Records to process:

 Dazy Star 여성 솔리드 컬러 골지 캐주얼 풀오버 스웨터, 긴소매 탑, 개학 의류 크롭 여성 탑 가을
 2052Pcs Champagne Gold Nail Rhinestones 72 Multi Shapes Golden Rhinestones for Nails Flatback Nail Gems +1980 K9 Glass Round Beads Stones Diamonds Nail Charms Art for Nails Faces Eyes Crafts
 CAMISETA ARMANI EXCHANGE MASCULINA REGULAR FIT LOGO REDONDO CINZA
* * *
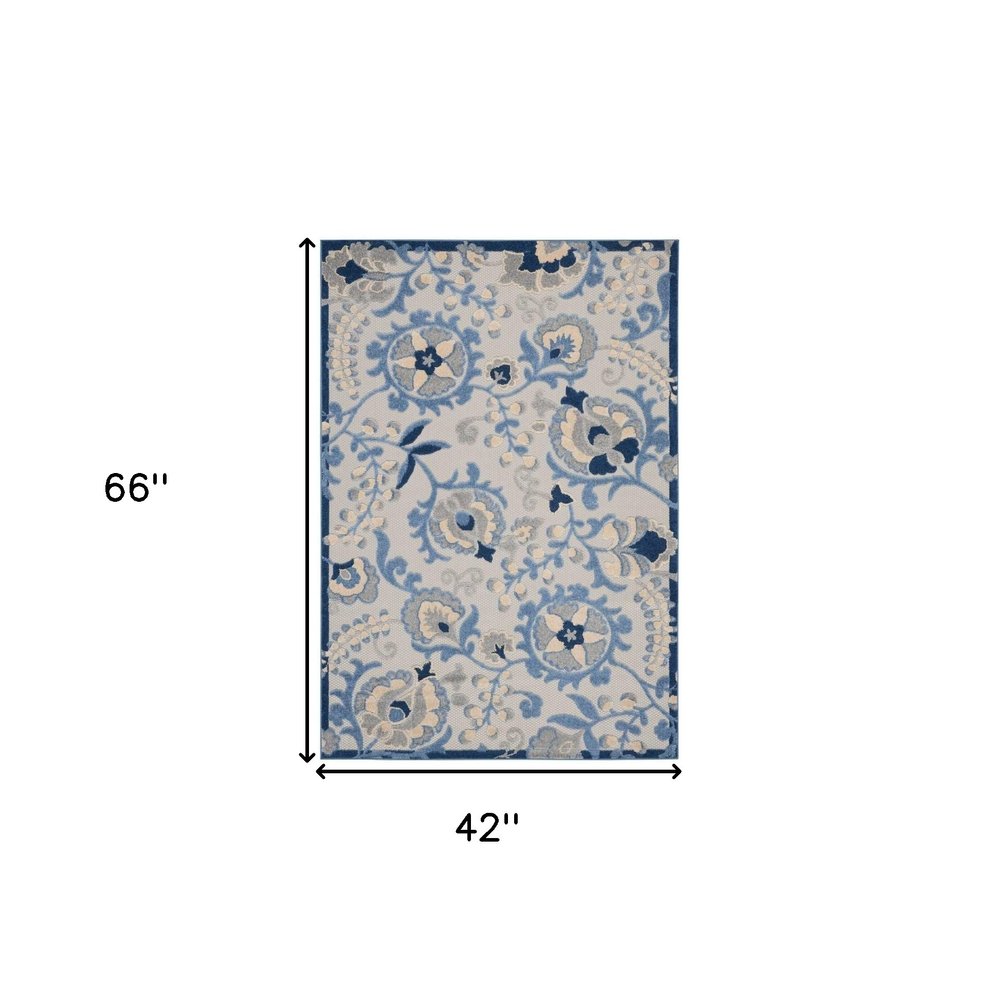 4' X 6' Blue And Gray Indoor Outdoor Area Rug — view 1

Required action: Your answer should consist solely of the lines above from the line with "2052Pcs Champagne Gold" to the line with "CAMISETA ARMANI EXCHANGE", both included, reproduced exactly.

Finished exercise:
 2052Pcs Champagne Gold Nail Rhinestones 72 Multi Shapes Golden Rhinestones for Nails Flatback Nail Gems +1980 K9 Glass Round Beads Stones Diamonds Nail Charms Art for Nails Faces Eyes Crafts
 CAMISETA ARMANI EXCHANGE MASCULINA REGULAR FIT LOGO REDONDO CINZA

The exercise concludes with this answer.